** Recorded information follows **

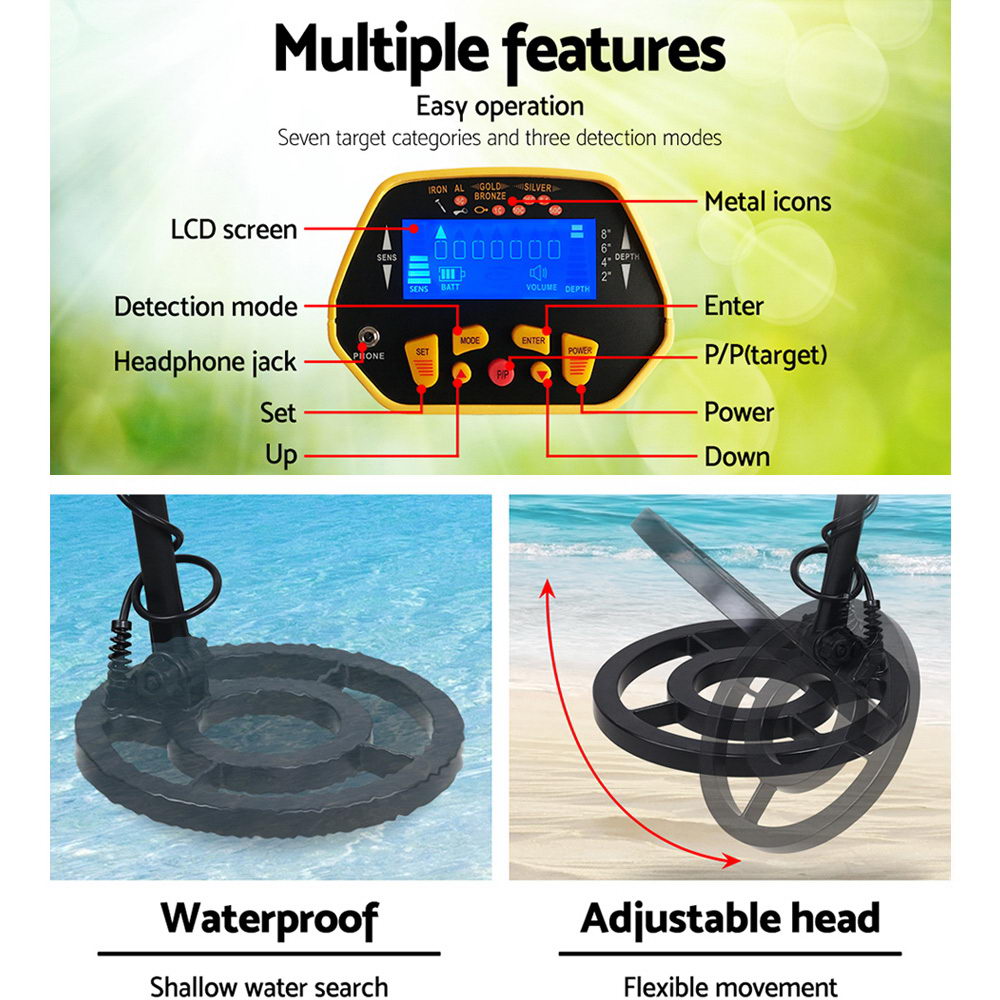 LCD Screen Metal Detector with Headphones - Yellow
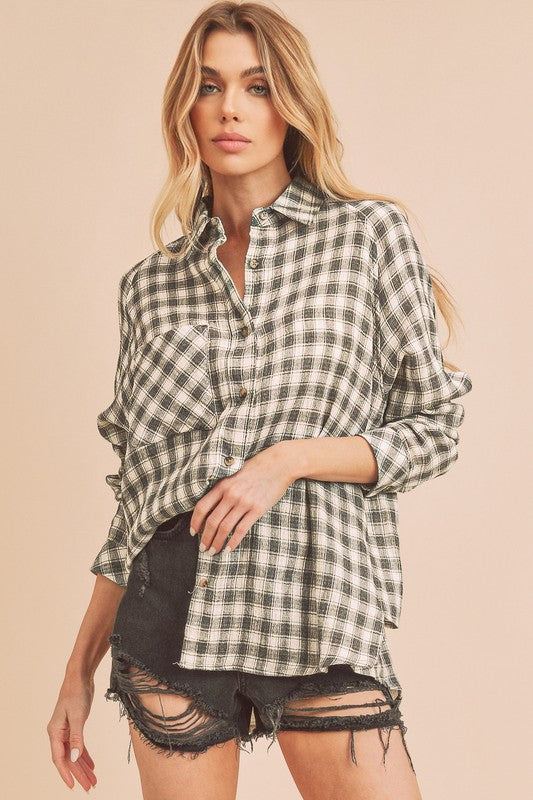 Heidy Oversized Button-Down Shirt with Chest Pockets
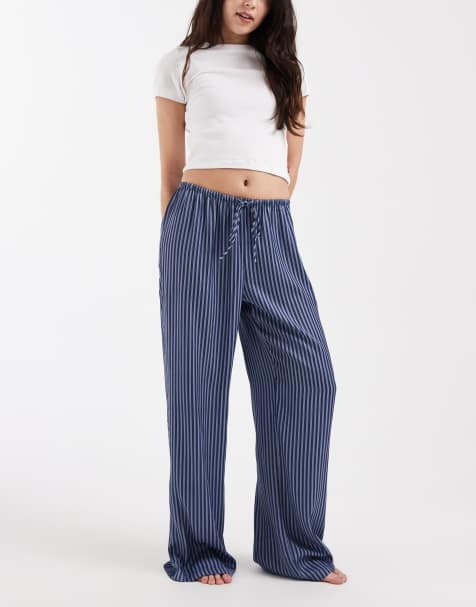 Cotton On sleep wash satin wide leg trouser in blue stripe - view 1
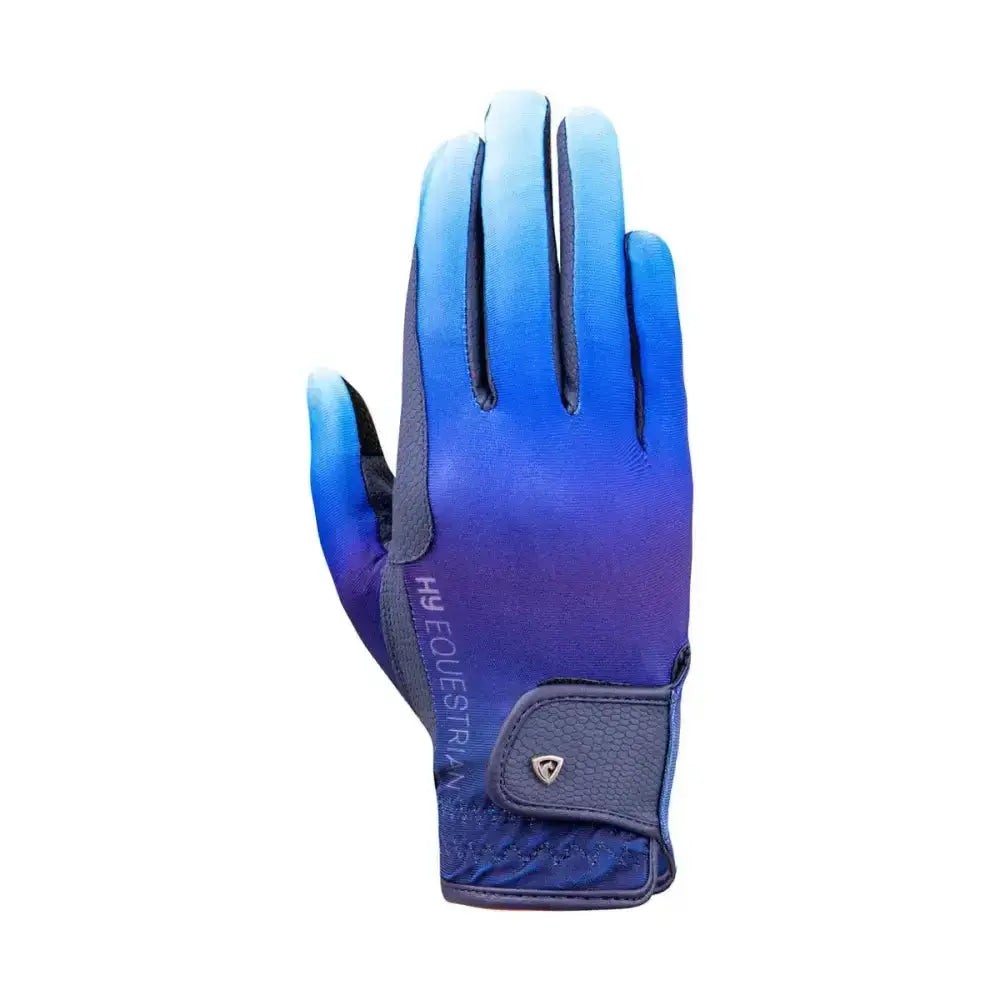 Blue gradient hy equestrian ombre riding gloves with dark navy strap and subtle stitching for stylish riding outfit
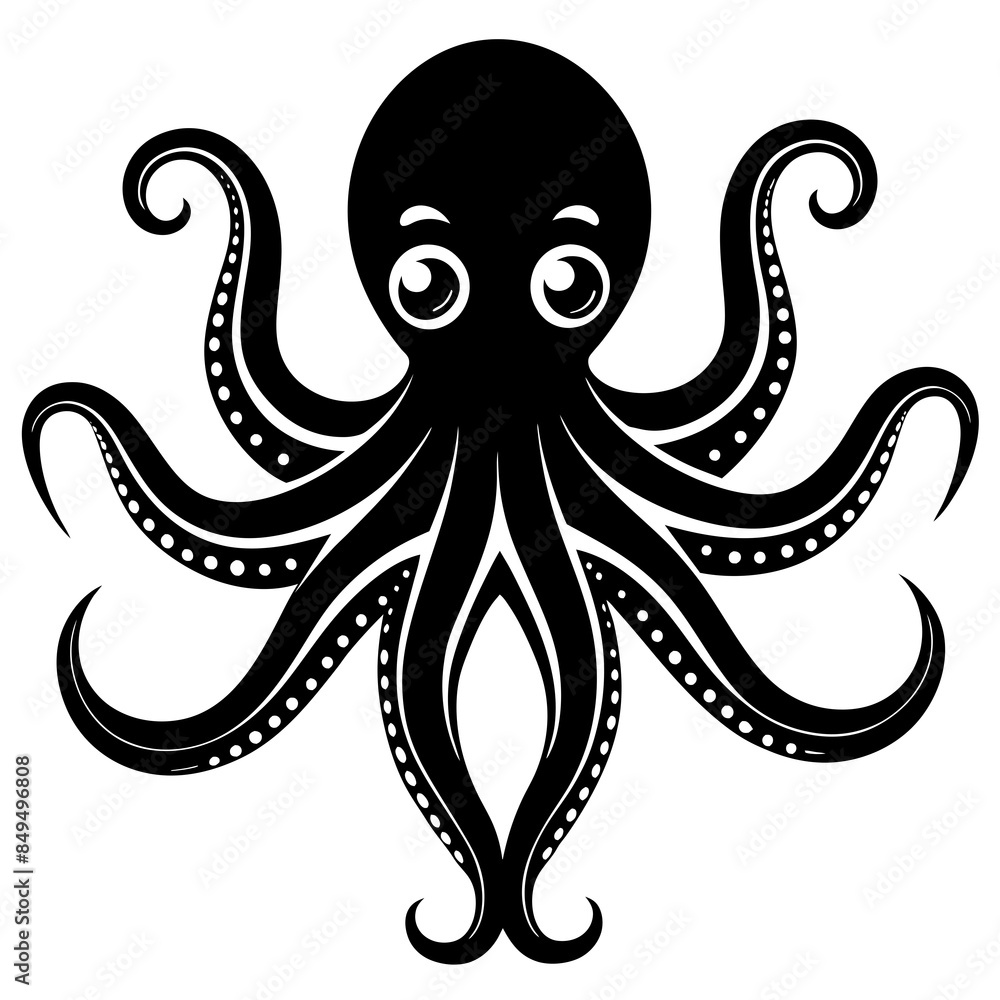 Cute octopus vector silhouette Cute octopus vector silhouette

** End of Recorded information **

## Task description:
Your copy should hold only the lines running from the one that contains "Blue gradient hy" through the final line of the data; transcribe them exactly, both ends included, and leave pictures out.

## Solution to the exercise:
 Blue gradient hy equestrian ombre riding gloves with dark navy strap and subtle stitching for stylish riding outfit
 Cute octopus vector silhouette Cute octopus vector silhouette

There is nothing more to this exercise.